▸ **WORK TO BE COMPLETED**
The reply must consist of the complete listing, reproduced exactly, with no images included.

▸ **DATA SHOWN**
▼

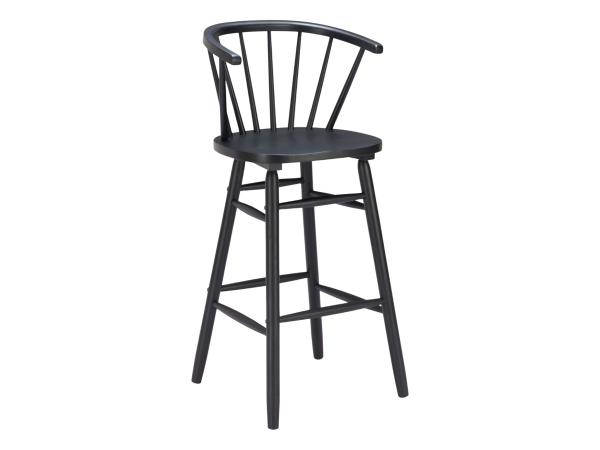 Stenger Barstool (Set of 2) Black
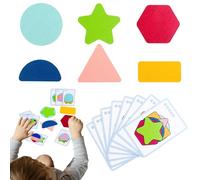 Puzzle Assorti de Forme, Jeu Assorti de Forme - Maze Assorti de Reconnaissance de Couleur en Bois | Trieur préscolaire, Jouet d'empilement de tri de géométrie Amusante Lisse pour Les Filles garçons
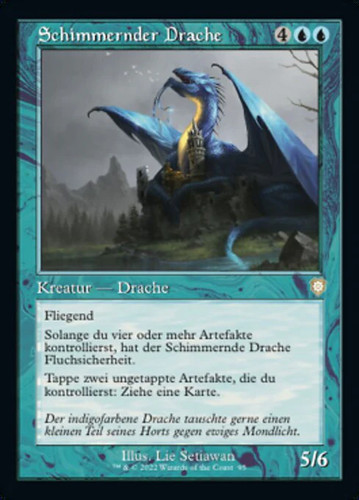 Magic mtg schimmernder drache - magic/mtg,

▲

▸ **RESPONSE AREA**
 Stenger Barstool (Set of 2) Black
 Puzzle Assorti de Forme, Jeu Assorti de Forme - Maze Assorti de Reconnaissance de Couleur en Bois | Trieur préscolaire, Jouet d'empilement de tri de géométrie Amusante Lisse pour Les Filles garçons
 Magic mtg schimmernder drache - magic/mtg,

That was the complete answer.